Pope Leo XIII expressed his concern for the poor working class and defended the rights of workers to fair and just treatment as human beings, humane working hours, and safe working conditions. He also affirmed that laborers deserve fair and just wages, and they have the right to private property and decent living. Likewise, workers have a right to form organizations of labor for their advantage. Subsequent papal encyclicals follow up on the condition of labor for their eras.

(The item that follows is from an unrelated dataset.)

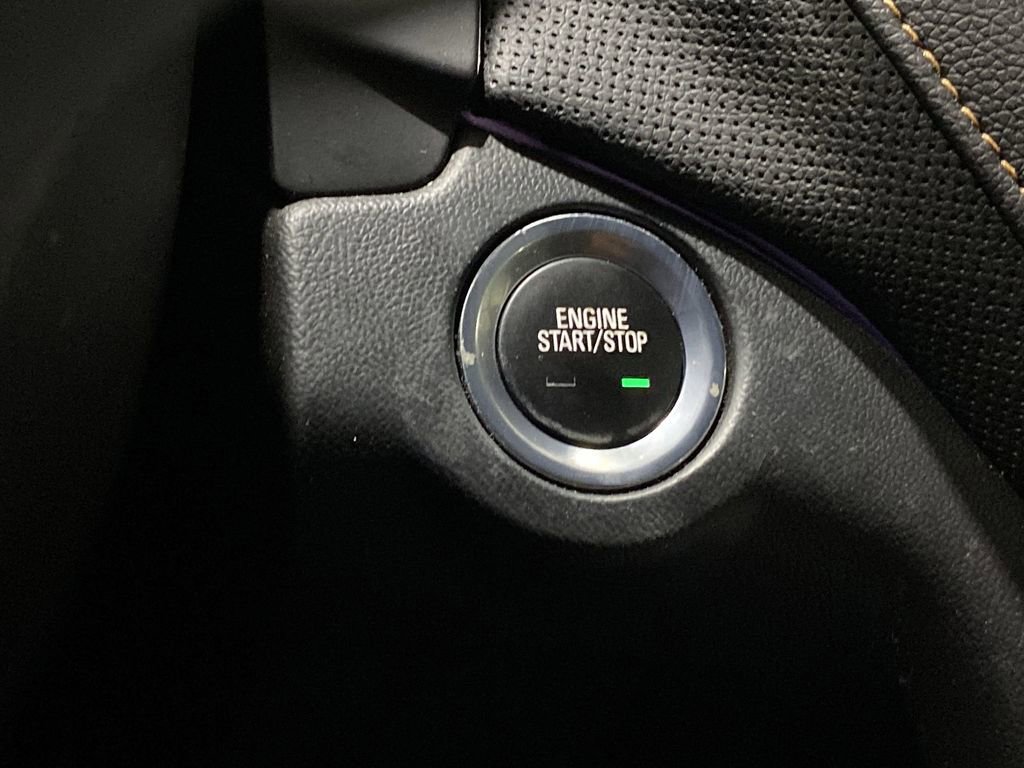 Used 2018 Chevrolet Equinox Premier image 12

Jesus’ vocation was to do the will of His Father: “My food is to do the will of the one who sent me to finish his work.” Before his public ministry, Jesus was most likely engaged in manual labor with his father, Joseph the Carpenter. In his public ministry, Jesus used the day-to-day-human work of men and women in his parables to describe the reign of God: householder, merchant, shepherd, farmer, fisherman, steward, servant, and laborer. Indeed, work gives us the opportunity to express and to develop one’s talents for one’s own good and for the good of others.

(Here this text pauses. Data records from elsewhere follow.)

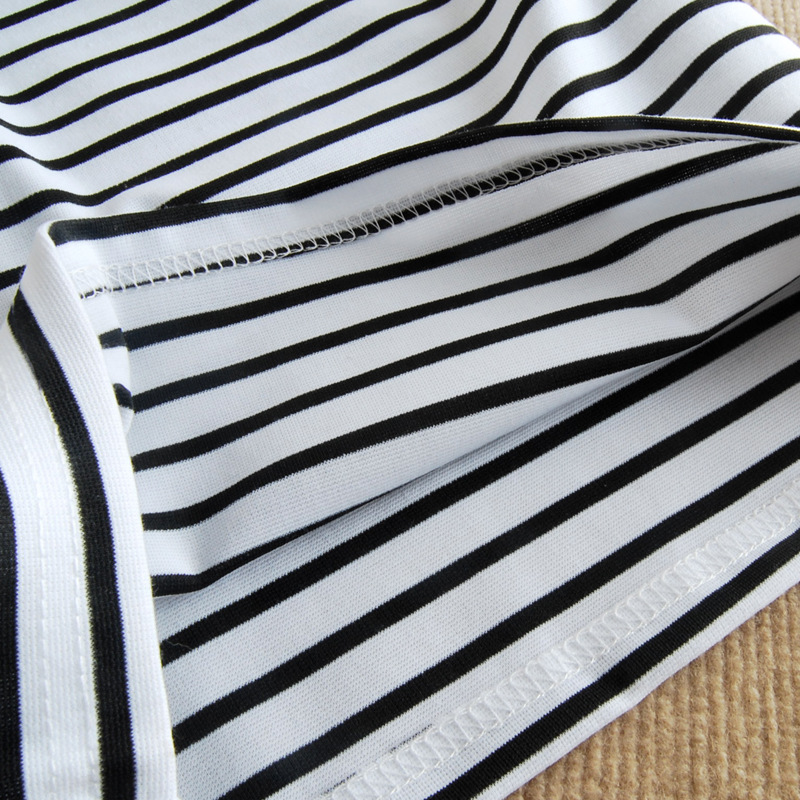 **หมดค่ะ**เดรสตัวเสื้อผ้าซีฟองสีขาว แขนปีกกว้างคอกลม ต่อด้วยกระโปรงผ้าค๊อตตอนลายขวางสีขาวดำค่ะ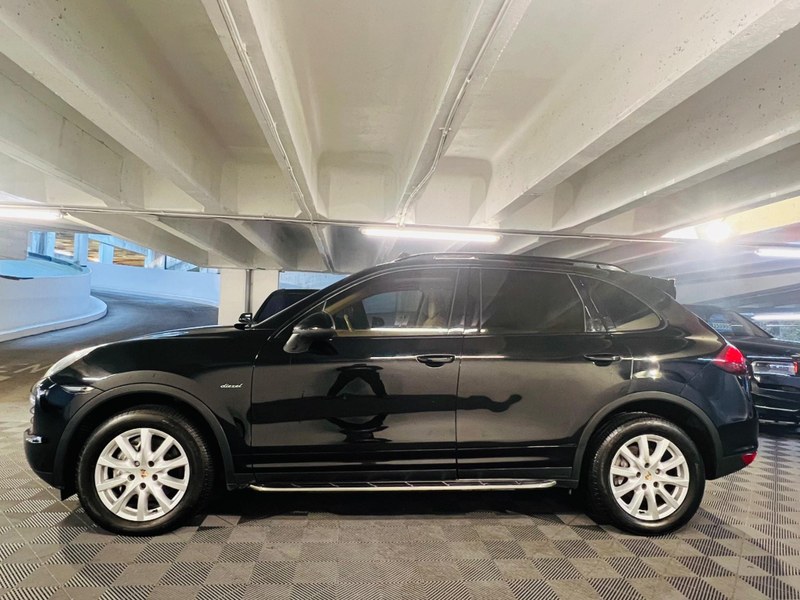 2014 Porsche Cayenne - 2 2014 Porsche Cayenne - 2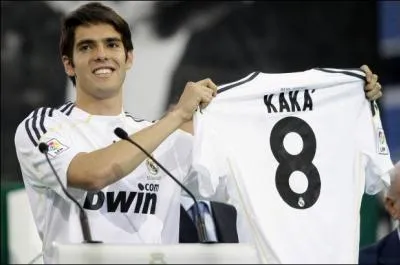 Dans quel club ou quipe joue ce joueur ?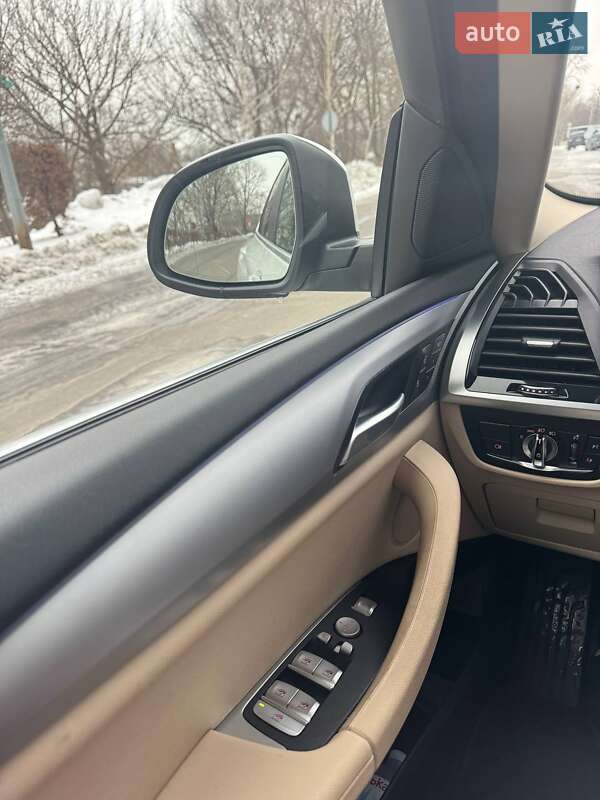 Внедорожник / Кроссовер BMW X4 2021 в Киеве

From a Christian perspective, we can say that work is redemptive because it is a vocation in the service of discipleship. We thus have to remember that work is a human good. It is a human endeavor that expresses a person’s dignity and worth. A person’s work mirrors the work of God and honors the gifts and talents given to him/her by God. One’s work “fulfills the potential inscribed in his nature. The primordial value of labor stems from man [woman] himself [herself], its author, and its beneficiary. Work is for man, not man for work.” Work, whether manual or intellectual, involves the whole person. It is a reflection of a man and woman’s humanity in which they are the hands of God to create and do well for God, self, and others. Therefore, “the human rights that flow from work are part of the broader context of those fundamental rights of the person.” When these are met, laborers will be able to experience the presence of God, a sense of well-being, satisfaction, and sense of accomplishment for self and for others.
Br. Warren Perrotto, M.S.C.
- Have I considered the sources of the goods that I purchase for myself, my family, and my home?
- Am I willing to take a stand against exploitation, even if it means that I have to change my purchasing?
- How can I advocate for those whose dignity and labor are exploited for profit?